▸ **How to complete this task**
Pictures are to be excluded. Please print only the lines from the one containing "Cute Robin bird personalised custom cut" through the end of the data, exactly as they appear.

▸ **Records provided**
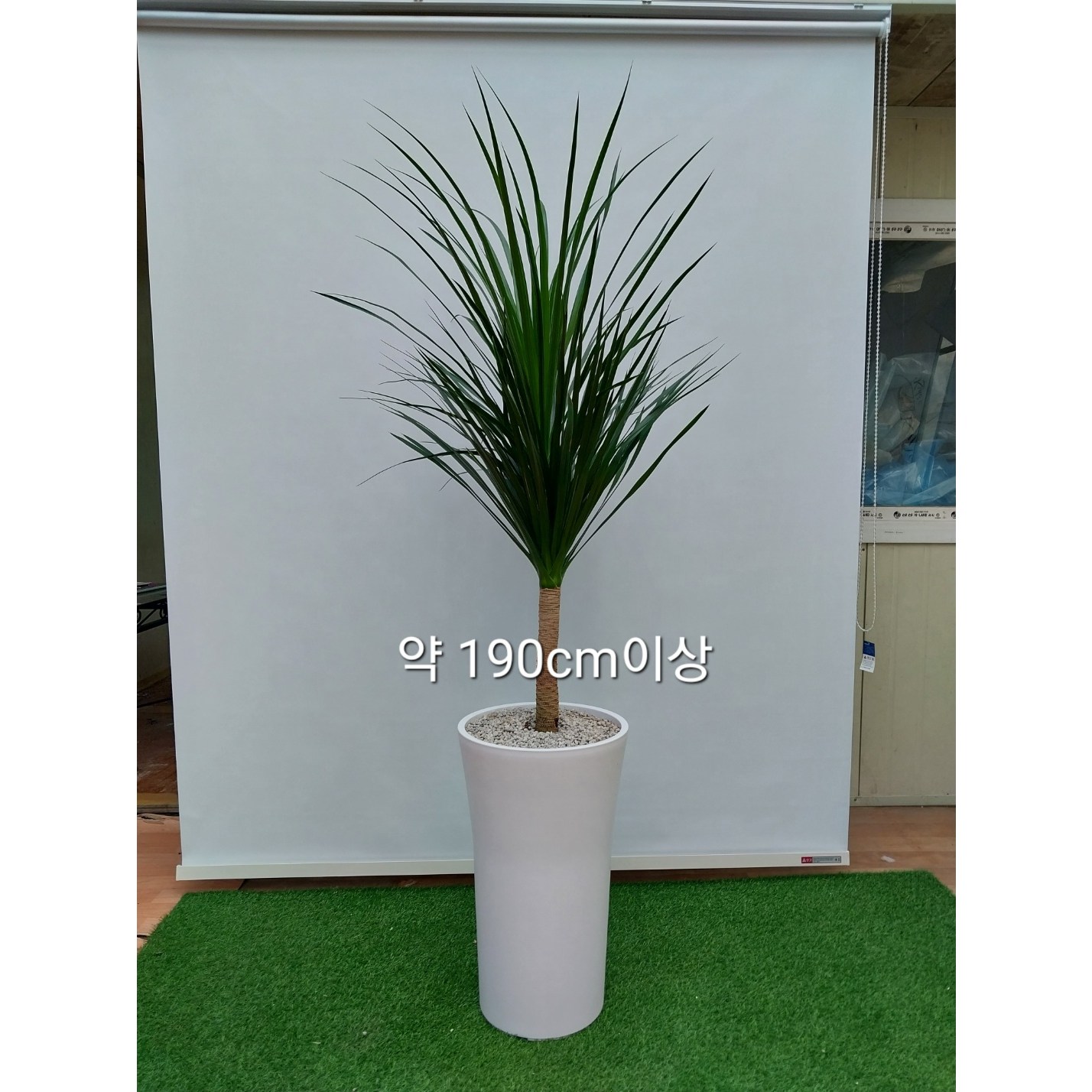 [한정특가 오투트리] 대형 화분 당일무료배송 공기정화식물 축하선물 개업선물 이사선물 승진선물 드라코 82,000원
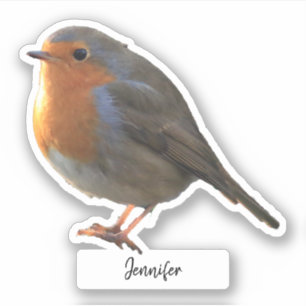 Cute Robin bird personalised custom cut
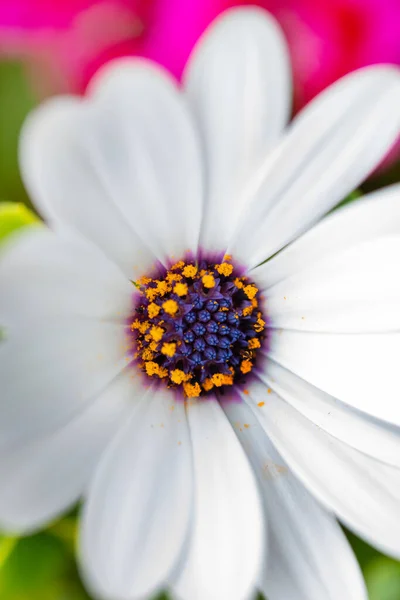 Chiudi Immagine Fiori Margherite Osteospermum Con Petali Bianchi Stami Blu — Foto Stock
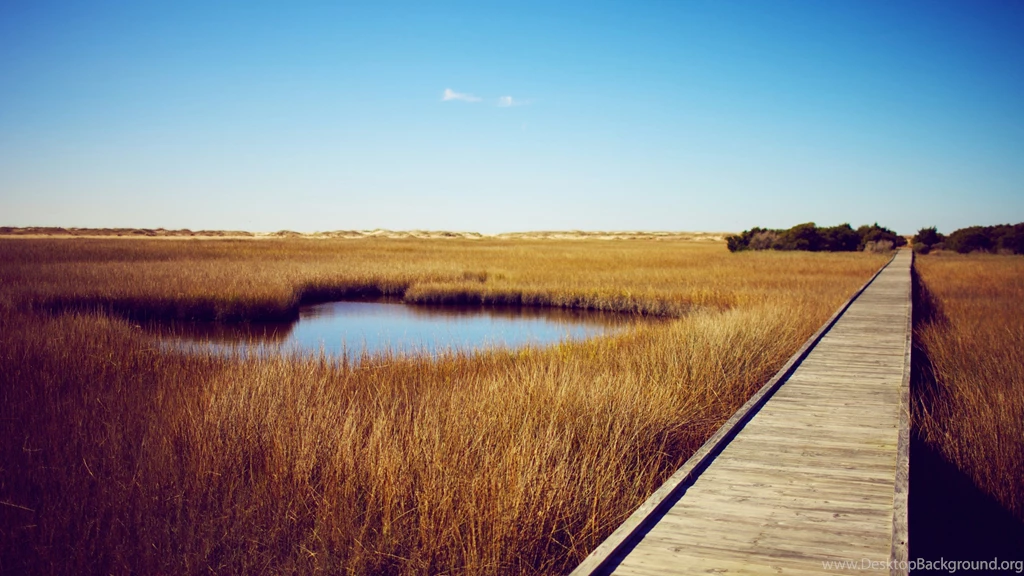 Beautiful, Wooden, Path, Wallpaper, Widescreen, Full, Hd, Desktop ...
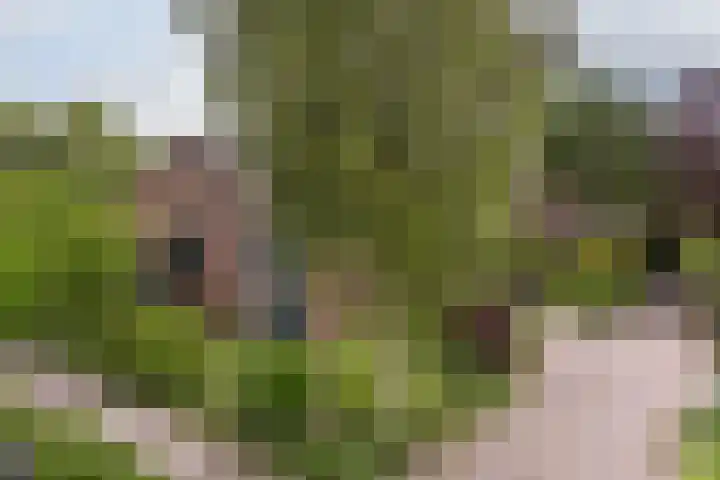Tinnegieter 108 Hoorn thumbnail 4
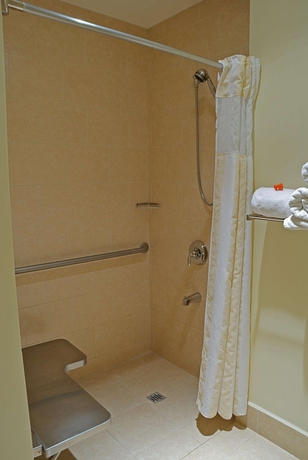 Imagen de la habitación del Hotel Hilton Garden Inn Guanacaste Airport. Foto 6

▸ **Solution**
 Cute Robin bird personalised custom cut
 Chiudi Immagine Fiori Margherite Osteospermum Con Petali Bianchi Stami Blu — Foto Stock
 Beautiful, Wooden, Path, Wallpaper, Widescreen, Full, Hd, Desktop ...
Tinnegieter 108 Hoorn thumbnail 4
 Imagen de la habitación del Hotel Hilton Garden Inn Guanacaste Airport. Foto 6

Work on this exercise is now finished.